G – Objectif : déterminer l’objectif
Ensuite, toute bonne conversation commence par une clarification de l'objectif. Que souhaite accomplir la personne coachée ? Il ne s'agit pas de vœux vagues comme « Je veux être plus performant », mais d'objectifs concrets et mesurables. Un objectif bien formulé oriente l'ensemble de la conversation.
À ce stade, il est pertinent de poser les questions suivantes : quel est votre objectif à l’issue de cette conversation ? À quoi ressemble le succès pour vous ? Où souhaitez-vous être dans trois mois ? Il est utile de formuler vos objectifs selon la méthode SMART : Spécifiques, Mesurables, Atteignables, Réalistes et Temporellement définis.
De plus, une erreur fréquente à ce stade est que le manager définisse l'objectif pour le collaborateur. La force du coaching réside précisément dans le fait que le coaché ​​détermine lui-même ce qui est important pour lui. Il arrive que l'objectif évolue au cours de la conversation, et c'est tout à fait normal. En bref, il vaut mieux avoir un objectif qui corresponde vraiment à la personne qu'un objectif imposé, dépourvu de motivation intrinsèque.
R – Réalité : explorer la situation actuelle
Dans la deuxième phase, vous dressez un état des lieux de la situation actuelle. Où en est le coaché ? Qu’est-ce qui fonctionne bien et qu’est-ce qui ne fonctionne pas ? Quels obstacles rencontrent-ils ? Cette phase exige honnêteté et introspection.

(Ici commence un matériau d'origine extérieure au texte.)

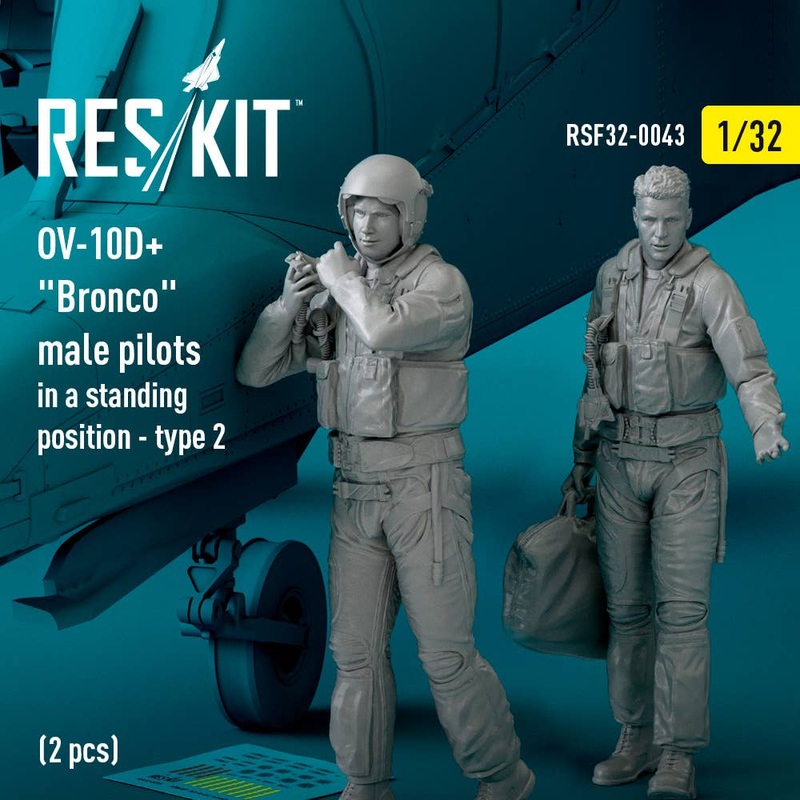 1/32 OV-10D+ Bronco male pilots (in a standing position - type 2) (2 pcs) (3D Printed)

D'ailleurs, le méthode LSD L'écoute active (résumer, résumer, poser des questions complémentaires) est particulièrement précieuse à ce stade. En écoutant attentivement et en posant des questions complémentaires, on va au-delà des apparences. Il s'avère souvent que le véritable problème est différent de ce qui avait été initialement décrit.
Questions importantes à cette étape : qu’avez-vous essayé jusqu’à présent ? Qu’est-ce qui a fonctionné et qu’est-ce qui n’a pas fonctionné ? Qui d’autre est impliqué ? Qu’est-ce qui vous freine ? Sur une échelle de 1 à 10, où en êtes-vous par rapport à votre objectif ?
Cependant, à ce stade, la tentation est grande de proposer immédiatement des solutions. Résistez à cette envie. Plus la situation sera clairement définie, plus les options de la prochaine étape seront ciblées. empathie joue ici un rôle clé : faire preuve de compréhension face à la situation sans tomber dans le piège de la pitié.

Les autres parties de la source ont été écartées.